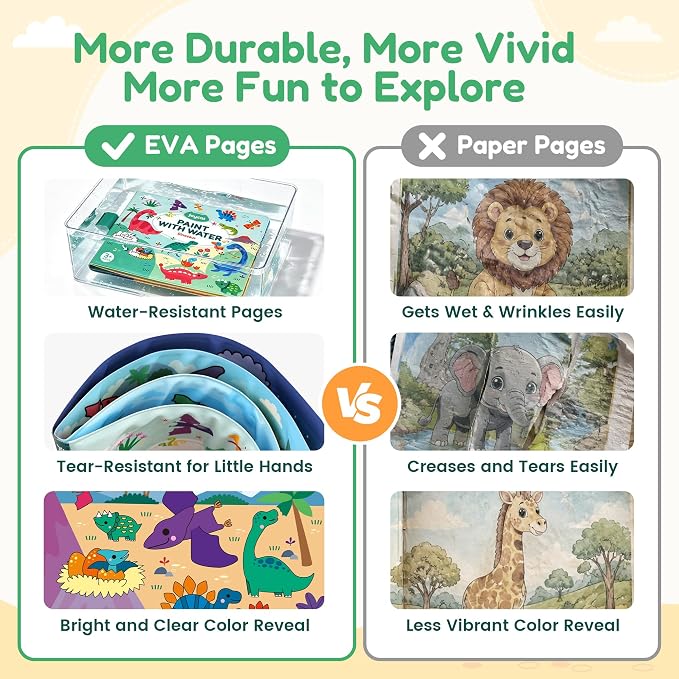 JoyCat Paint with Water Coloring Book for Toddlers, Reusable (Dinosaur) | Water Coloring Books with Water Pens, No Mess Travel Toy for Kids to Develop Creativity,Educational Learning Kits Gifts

==

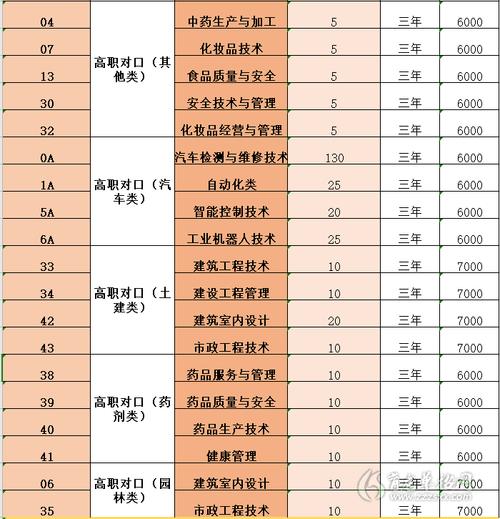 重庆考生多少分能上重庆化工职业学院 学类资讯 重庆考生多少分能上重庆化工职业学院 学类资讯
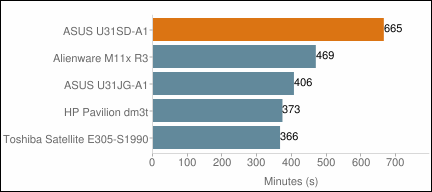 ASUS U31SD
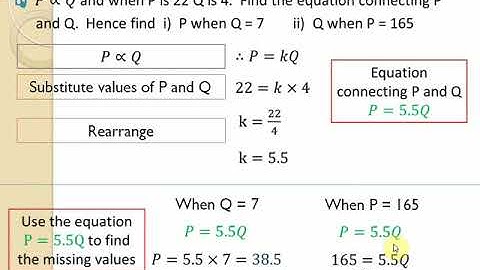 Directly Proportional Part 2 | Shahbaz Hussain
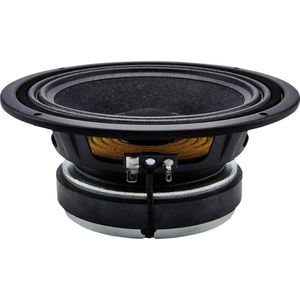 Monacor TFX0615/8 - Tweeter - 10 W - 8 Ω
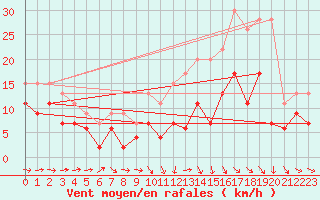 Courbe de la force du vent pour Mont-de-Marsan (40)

§ **TASK OBJECTIVE**:
Print, exactly and with no pictures, the lines of the listing above starting at the one that has "Monacor TFX0615/8 - Tweeter - 10 W - 8 Ω" and ending at the one that has "Courbe de la", both included.

§ **RESPONSE BELOW**:
 Monacor TFX0615/8 - Tweeter - 10 W - 8 Ω
 Courbe de la force du vent pour Mont-de-Marsan (40)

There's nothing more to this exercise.